Do you need a key to activate these devices?

Let’s focus on Solar - would the idea be, if customer pays, she is given a key. She can then use this key in the PAYGO operators (company) website (product) to unlock a given solar panel? If this is the case, YES we can use secret contracts to release a code when a payment takes place. That code then somehow be used to activate the device (probably on PAYGO company’s app). This is where some industry background is helpful - there will need to be a bridge between on-chain data + device controller (PAYGO company).

The above solves Pay as you go and access part. I feel like we are replacing the mobile payment + panel activation part.

How do we exactly solve the financing problem PAYGO companies? Seems like they have upfront cost of acquiring the devices. Is the idea retail defi investors become owners in the paygo companies and share profits?

Cheers

Hi @can ,

the devices have an immutable individual secret key flashed into their firmware. Unlock-Codes are then generated by a server who knows this specific secret key through an algorithm.

If the customer pays (e.g. 2000 TSh => 1 USD) she receives a keycode (around 12 digits) by SMS or USSD which can be physically entered into the device itself (keypad) or is transferred via GSM to the device automatically. This keycode unlocks the device for a defined period of time.
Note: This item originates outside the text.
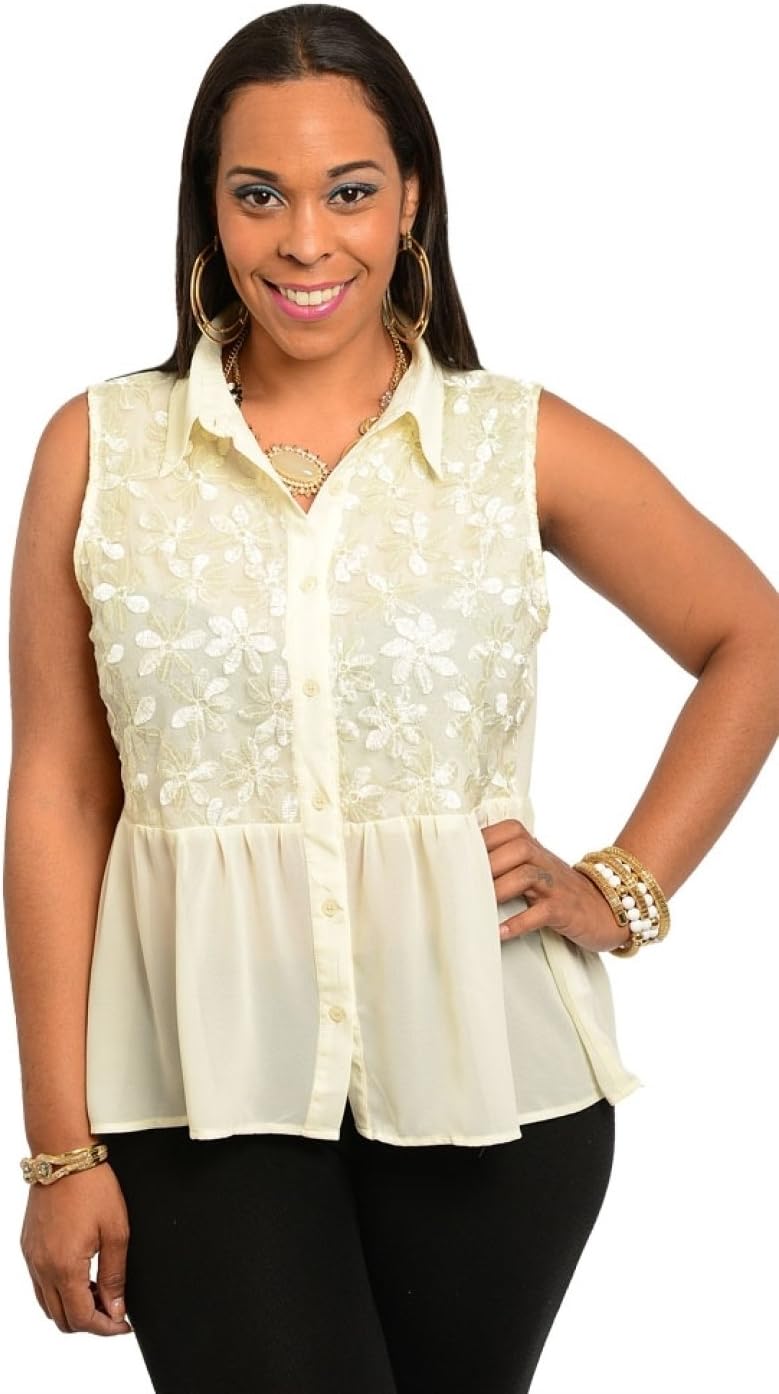 2LUV Plus Women's Sleeveless Chiffon Button Down Blouse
Where I see DeFi potentially coming in is the following:
Normally the companies borrow money or raise equity to pre-finance the devices and use the customer payments to grow / pay back the debt over one to four years.
Either debt as well as equity is difficult to obtain expensive as the customers are poor people mostly in Sub-Sahara Africa without any banking track record and the PAYGO companies are mostly very young.
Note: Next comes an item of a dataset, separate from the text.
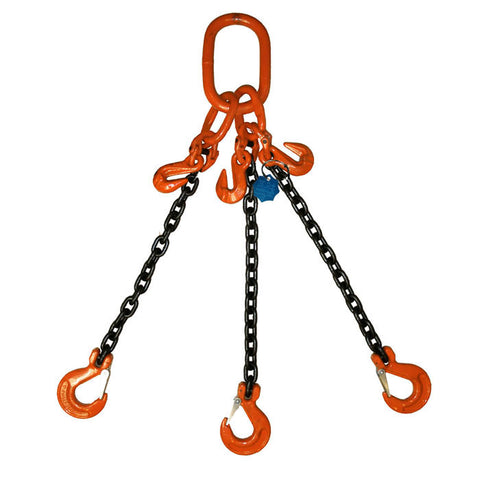 4 Ton Three Leg Chain Sling with Shorteners and Sling Hooks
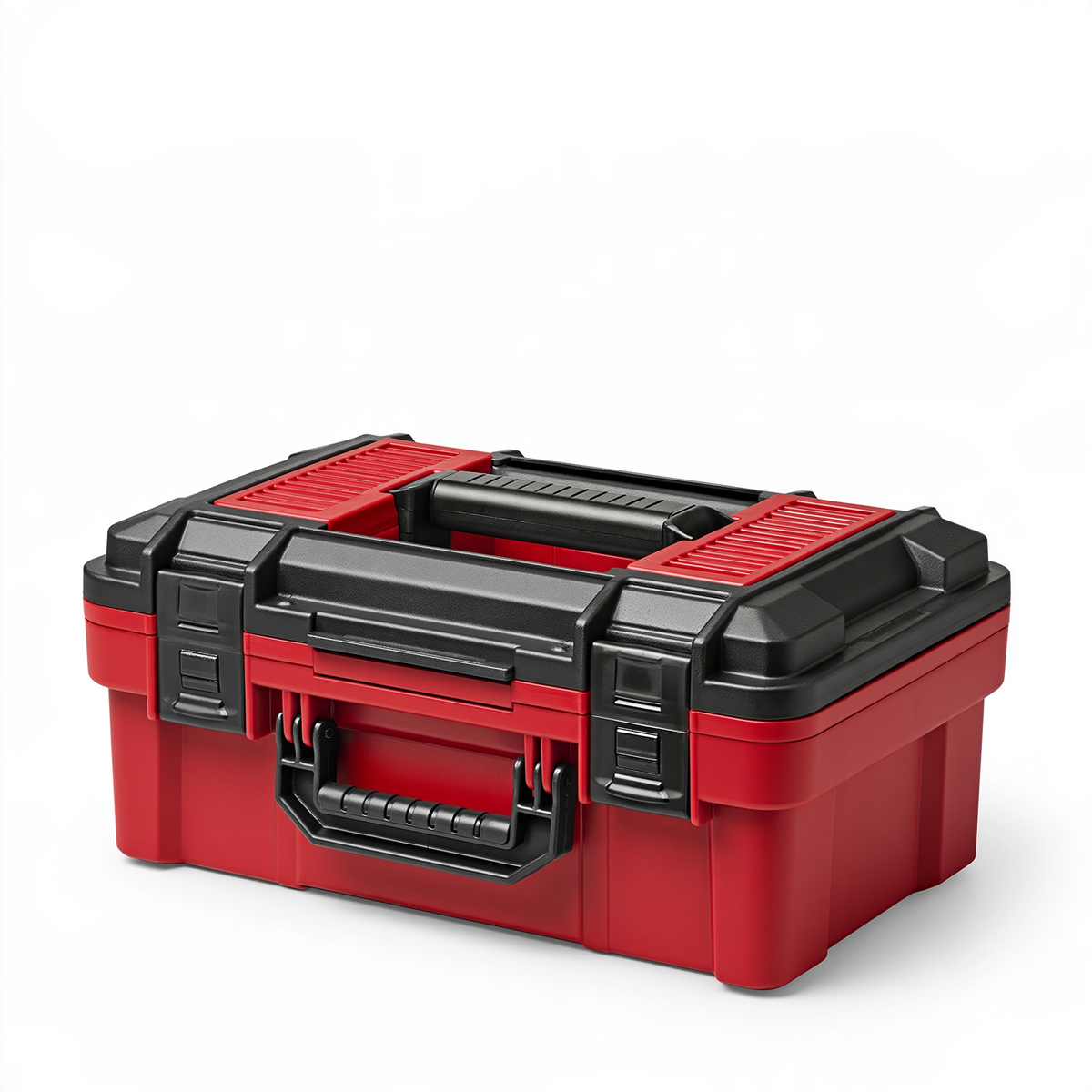 Cassetta portautensili 50 x 25 x 23 cm in plastica rosso/nero con maniglia e chiusure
What I would like to achieve is to assetize the repayment claim towards the end-customer through a secret contract (which is the only entity that can create valid keycodes due to the shared secret key with an individual device) and offer this contract for purchase. The PAYGO company would get the sales price - a discounted upfront value - directly and therefore need less financing to grow.

The investor into the contract would receive all payments out of the contract but has to bear the default risk of the particular customer. As no one else than the particular contract can generate valid codes that even works agains the will of the original PAYGO company who sold the device to the customer. Interest rate of the investment would be around 8-15% p.a. in USD.

While the customer pays off the price for the device the remaining repayment expectation of the contract reduces and therefore the contract itself loses value. With the final payment the contract generates the indefinite unlock code and the customer owns the device fully while the contract renders worthless.

Alternatively contracts could be bundled and risk could be shared across these. Or ownership in the PAYGO companies could be an option although I think that increases complexity and risk too much.

Does that help a bit to give insight into the industry and my thoughts?